TOKYO - As South Korean President Roh Moo-hyun plans to open a full-scale investigation into the country's collaborators who worked for Japan or unethically benefited from the 1910-45 occupation of the Korean Peninsula, Japanese lawmakers and experts have expressed concerns this could throw cold water on the recent warming of the two countries' ties. They fear it might seriously undermine the recently improved state-to-state relationship between Japan, the former colonial power, and South Korea, the once-colonized and exploited.

Many Japanese experts argue that Roh's center-left administration is using the probe largely in a preemptive attack, an effort to weaken the antagonistic conservative camp that has traditionally held political, economic and social power. The probe into collaboration, the experts argue, would then strengthen the currently shaky political ground for Roh's progressives in advance of the 2007 presidential election.

"That's a revolution taking place in South Korea," Toshimitsu Shigemura, a professor at Waseda University in Tokyo and an expert on Korean Peninsula affairs, said in an interview with Asia Times Online. "President Roh is trying to replace the country's ruling elite of the conservatives from ancient regimes with the progressives."

Masao Okonogi, a professor of political science at Keio University in Tokyo and an expert on Korean politics, holds similar views. He told Asia Times Online that Roh is mainly trying to get buoyancy for his administration and the ruling Uri Party by doing what the previous presidents could never do. "President Roh's political foundation is so unstable that he always has to go to extremes, if not a revolution," Okonogi said.

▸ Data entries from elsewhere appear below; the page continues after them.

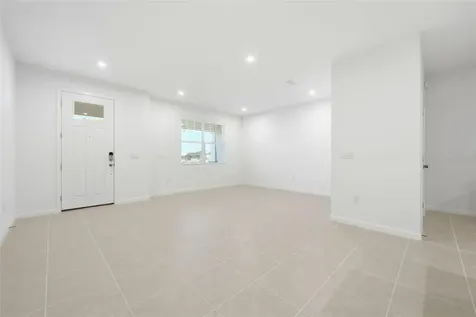 132 Royal Ranch Road Groveland FL 34736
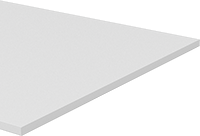 8738K14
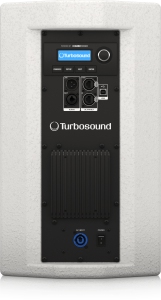 Turbosound NuQ82-AN Активная акустическая система в Искитиме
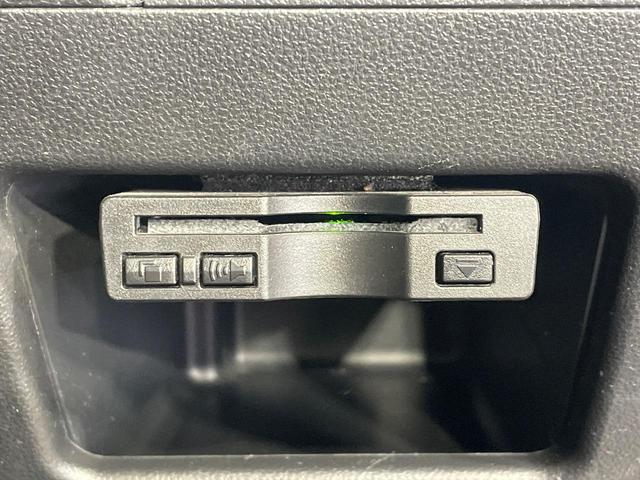 タント カスタムX トップエディションVS SAIII 両側電動ドア 純正8型ナビ 後席モニター 全周囲カメラ 衝突被害軽減システム 禁煙車 ハーフレザーシート シートヒーター ドラレコ コーナーセンサー スマートキー LEDヘッド ビルトインETC(35枚目)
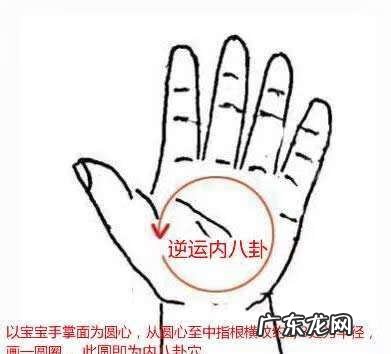 小儿夜间咳嗽是怎么回事 小儿夜间咳嗽厉害怎么办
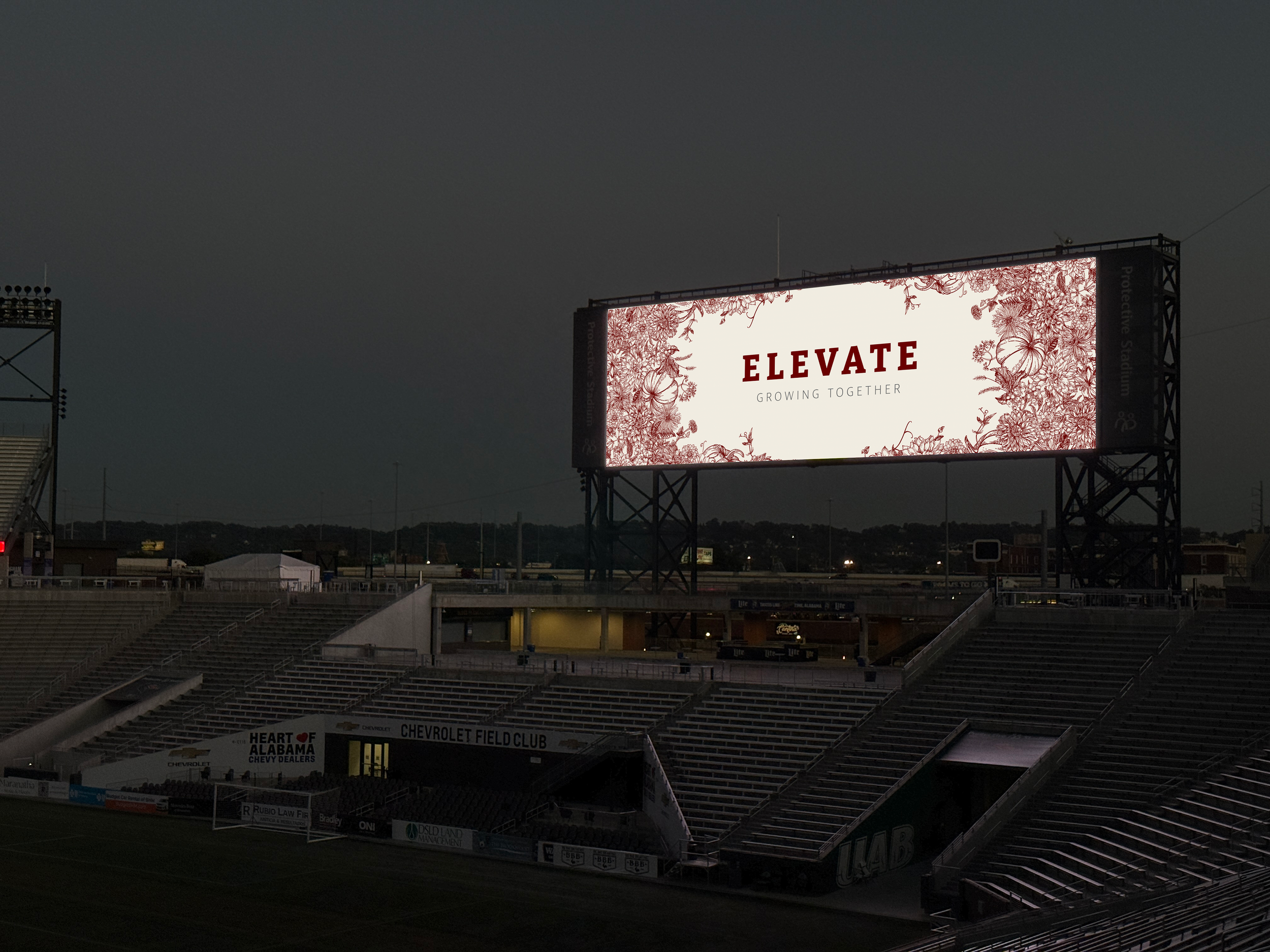 2025-Elevate_Jumbotron-Graphic.png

The anti-collaborationist mood is already taking its political toll in South Korea. The chairman of the Uri Party, Shin Ki-nam, stepped down on August 19, taking responsibility for the swirling and expanding controversy about Koreans' collaboration with Japanese occupiers, his own father's role in the Japanese military police, and his personal efforts to cover it up. His father was said to have had a role in supervising the torture of Korean dissidents. The probe is expected to have major ramifications for Korean society if influential families are named.

The South Korean National Assembly is expected to launch a wide investigation officially in the next couple of months, but its nature and scope have yet to be determined. Meanwhile, the idea of the probe is causing jitters in both Korea and Japan.

Roh appeared very eager to investigate the wrongs of the nation's colonial history. To show his strong determination to make the case, he devoted about half of his speech on August 15, marking the 59th anniversary of independence from Japan, to the probe. He proposed forming a special committee to look into modern history, particularly during Japan's colonial rule as well as the authoritarian South Korean governments in the decades that followed. The founders of South Korea's major newspapers, Chosun Ilbo and Dong-A Ilbo, which were established during Japan's occupation, could also figure in an investigation.

Bitter wartime memories for both countries
Japan colonized the Korean Peninsula from 1910 to 1945 and, because of the brutality of the occupation, resentments against Japan linger in both South and North Korea.

Perhaps the worst time for Korea came after the beginning of Japan's war with China in 1937. The colonial government formalized a program to assimilate Korean culture and thought into Japanese forms in the pursuit of "total war". This shift, encapsulated in the well-known slogan Naisen Ittai, meaning Japan and Korea as a single body, brought together a number of state initiatives in the cultural, economic and social arenas in an intensive indoctrination program of education and participation in the rites and symbolism of Japanese Shintoism and imperial rule.

Indeed, it has been taught in South Korean schools that Japan plundered Korea of "seven significant things" during its occupation - a sovereign (emperor), sovereignty, lands, natural resources (such as salt), language, the names of Koreans, and their lives.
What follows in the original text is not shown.